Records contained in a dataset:
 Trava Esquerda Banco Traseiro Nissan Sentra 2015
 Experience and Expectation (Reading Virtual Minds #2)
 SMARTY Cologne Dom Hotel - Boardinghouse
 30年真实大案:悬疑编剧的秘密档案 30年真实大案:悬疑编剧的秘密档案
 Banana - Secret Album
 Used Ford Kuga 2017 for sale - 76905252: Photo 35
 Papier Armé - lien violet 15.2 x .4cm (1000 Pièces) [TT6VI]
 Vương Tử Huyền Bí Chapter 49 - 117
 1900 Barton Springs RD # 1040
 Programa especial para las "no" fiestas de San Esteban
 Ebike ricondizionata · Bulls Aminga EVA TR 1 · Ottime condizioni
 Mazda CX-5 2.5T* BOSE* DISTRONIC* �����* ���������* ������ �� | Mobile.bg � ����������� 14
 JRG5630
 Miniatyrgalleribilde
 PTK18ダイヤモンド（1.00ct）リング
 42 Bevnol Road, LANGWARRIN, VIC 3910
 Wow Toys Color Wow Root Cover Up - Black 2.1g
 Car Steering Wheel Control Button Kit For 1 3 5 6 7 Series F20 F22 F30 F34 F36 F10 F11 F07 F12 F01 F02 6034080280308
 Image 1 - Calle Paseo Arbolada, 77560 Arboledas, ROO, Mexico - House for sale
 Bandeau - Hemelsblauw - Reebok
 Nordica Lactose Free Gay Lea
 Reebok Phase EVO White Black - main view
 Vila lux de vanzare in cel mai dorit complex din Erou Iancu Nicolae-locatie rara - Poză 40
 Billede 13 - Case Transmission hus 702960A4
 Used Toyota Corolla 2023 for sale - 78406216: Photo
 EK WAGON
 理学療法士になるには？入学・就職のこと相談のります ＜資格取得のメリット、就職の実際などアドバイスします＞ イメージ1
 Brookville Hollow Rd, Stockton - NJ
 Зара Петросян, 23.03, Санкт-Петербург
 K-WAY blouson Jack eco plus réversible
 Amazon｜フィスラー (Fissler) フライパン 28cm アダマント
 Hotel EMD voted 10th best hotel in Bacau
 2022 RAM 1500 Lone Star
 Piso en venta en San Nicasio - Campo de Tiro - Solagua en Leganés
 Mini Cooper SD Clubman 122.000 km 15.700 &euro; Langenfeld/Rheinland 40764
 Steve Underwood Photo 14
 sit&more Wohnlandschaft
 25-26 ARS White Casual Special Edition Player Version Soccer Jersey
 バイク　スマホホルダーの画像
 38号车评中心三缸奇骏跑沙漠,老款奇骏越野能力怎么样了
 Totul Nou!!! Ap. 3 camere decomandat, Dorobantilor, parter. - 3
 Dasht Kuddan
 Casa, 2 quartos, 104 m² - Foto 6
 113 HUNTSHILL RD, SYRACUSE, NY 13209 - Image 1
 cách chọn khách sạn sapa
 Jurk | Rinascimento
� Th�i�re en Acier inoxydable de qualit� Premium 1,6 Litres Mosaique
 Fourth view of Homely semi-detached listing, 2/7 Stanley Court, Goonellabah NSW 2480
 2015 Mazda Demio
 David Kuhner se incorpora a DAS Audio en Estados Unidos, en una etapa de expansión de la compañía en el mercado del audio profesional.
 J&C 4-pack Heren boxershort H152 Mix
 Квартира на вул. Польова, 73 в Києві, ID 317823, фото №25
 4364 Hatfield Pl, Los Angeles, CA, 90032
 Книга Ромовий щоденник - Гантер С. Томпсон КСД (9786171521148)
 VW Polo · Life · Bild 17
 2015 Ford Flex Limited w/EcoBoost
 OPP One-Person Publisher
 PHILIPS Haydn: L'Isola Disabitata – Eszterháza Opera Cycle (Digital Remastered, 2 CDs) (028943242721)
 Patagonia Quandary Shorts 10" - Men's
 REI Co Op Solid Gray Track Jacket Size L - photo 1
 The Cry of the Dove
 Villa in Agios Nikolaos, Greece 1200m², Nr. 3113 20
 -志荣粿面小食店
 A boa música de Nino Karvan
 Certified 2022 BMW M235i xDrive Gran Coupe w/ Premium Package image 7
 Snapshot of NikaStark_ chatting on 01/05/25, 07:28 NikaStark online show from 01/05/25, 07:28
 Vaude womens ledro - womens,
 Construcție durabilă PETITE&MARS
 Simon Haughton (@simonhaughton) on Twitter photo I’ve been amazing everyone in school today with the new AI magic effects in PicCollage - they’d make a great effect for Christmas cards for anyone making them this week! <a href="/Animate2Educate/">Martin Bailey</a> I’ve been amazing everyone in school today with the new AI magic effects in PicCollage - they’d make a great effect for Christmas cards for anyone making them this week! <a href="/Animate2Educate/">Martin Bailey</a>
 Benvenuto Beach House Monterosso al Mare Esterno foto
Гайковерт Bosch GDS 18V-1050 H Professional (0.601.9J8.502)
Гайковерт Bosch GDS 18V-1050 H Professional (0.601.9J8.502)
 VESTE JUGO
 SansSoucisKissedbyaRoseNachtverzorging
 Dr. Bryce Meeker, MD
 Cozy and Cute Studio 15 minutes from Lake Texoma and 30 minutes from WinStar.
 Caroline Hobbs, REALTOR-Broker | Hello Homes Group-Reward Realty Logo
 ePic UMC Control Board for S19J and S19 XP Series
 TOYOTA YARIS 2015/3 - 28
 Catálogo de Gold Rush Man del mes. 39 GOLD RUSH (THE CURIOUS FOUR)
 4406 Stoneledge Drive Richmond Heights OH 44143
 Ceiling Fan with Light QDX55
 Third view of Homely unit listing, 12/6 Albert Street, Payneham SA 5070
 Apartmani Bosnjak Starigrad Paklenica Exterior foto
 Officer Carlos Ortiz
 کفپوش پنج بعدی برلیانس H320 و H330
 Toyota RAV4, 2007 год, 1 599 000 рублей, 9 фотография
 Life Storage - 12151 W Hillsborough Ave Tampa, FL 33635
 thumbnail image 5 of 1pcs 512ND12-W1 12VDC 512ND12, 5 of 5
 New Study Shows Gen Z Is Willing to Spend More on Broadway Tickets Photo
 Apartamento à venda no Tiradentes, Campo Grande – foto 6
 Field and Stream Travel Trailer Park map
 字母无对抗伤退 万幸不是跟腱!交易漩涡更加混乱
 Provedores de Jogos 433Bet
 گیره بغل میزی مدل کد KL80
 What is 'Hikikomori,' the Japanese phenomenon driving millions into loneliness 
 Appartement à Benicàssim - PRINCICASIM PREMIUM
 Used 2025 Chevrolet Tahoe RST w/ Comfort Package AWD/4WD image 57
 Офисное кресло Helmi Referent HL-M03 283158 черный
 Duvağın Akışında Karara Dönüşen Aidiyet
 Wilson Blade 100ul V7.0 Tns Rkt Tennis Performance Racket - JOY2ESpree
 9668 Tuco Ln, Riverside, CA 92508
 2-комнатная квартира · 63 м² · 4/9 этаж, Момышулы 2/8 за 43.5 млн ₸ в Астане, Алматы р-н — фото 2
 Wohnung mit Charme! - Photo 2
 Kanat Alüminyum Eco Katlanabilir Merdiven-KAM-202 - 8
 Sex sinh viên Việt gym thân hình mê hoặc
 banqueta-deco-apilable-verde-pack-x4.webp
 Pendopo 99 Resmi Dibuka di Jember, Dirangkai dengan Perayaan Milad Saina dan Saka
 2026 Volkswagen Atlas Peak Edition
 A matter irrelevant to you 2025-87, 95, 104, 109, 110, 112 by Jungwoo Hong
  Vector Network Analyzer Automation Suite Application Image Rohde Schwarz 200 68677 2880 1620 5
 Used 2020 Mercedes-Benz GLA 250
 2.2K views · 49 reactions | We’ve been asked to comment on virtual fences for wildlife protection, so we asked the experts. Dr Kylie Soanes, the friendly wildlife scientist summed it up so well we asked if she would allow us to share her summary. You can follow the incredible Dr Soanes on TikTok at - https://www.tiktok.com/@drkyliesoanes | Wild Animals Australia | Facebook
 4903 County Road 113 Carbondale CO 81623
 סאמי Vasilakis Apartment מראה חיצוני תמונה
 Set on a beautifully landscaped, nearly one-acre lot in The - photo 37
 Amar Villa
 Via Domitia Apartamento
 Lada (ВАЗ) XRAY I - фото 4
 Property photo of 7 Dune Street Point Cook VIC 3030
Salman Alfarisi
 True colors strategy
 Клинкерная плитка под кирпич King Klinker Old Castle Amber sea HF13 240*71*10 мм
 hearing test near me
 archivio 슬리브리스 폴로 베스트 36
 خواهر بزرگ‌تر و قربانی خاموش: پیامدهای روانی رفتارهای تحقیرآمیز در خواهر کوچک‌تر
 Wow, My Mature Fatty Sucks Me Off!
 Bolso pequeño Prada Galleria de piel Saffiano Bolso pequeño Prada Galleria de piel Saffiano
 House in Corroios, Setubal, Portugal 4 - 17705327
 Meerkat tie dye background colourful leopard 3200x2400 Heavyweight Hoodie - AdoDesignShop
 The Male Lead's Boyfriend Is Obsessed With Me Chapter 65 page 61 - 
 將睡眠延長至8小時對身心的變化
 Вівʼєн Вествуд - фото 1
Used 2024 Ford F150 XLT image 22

• Problem details
Which lines above run from the one containing "Life Storage - 12151" to the one containing "banqueta-deco-apilable-verde-pack-x4.webp"? Give them again exactly, both ends included.

• Exercise answer
 Life Storage - 12151 W Hillsborough Ave Tampa, FL 33635
 thumbnail image 5 of 1pcs 512ND12-W1 12VDC 512ND12, 5 of 5
 New Study Shows Gen Z Is Willing to Spend More on Broadway Tickets Photo
 Apartamento à venda no Tiradentes, Campo Grande – foto 6
 Field and Stream Travel Trailer Park map
 字母无对抗伤退 万幸不是跟腱!交易漩涡更加混乱
 Provedores de Jogos 433Bet
 گیره بغل میزی مدل کد KL80
 What is 'Hikikomori,' the Japanese phenomenon driving millions into loneliness 
 Appartement à Benicàssim - PRINCICASIM PREMIUM
 Used 2025 Chevrolet Tahoe RST w/ Comfort Package AWD/4WD image 57
 Офисное кресло Helmi Referent HL-M03 283158 черный
 Duvağın Akışında Karara Dönüşen Aidiyet
 Wilson Blade 100ul V7.0 Tns Rkt Tennis Performance Racket - JOY2ESpree
 9668 Tuco Ln, Riverside, CA 92508
 2-комнатная квартира · 63 м² · 4/9 этаж, Момышулы 2/8 за 43.5 млн ₸ в Астане, Алматы р-н — фото 2
 Wohnung mit Charme! - Photo 2
 Kanat Alüminyum Eco Katlanabilir Merdiven-KAM-202 - 8
 Sex sinh viên Việt gym thân hình mê hoặc
 banqueta-deco-apilable-verde-pack-x4.webp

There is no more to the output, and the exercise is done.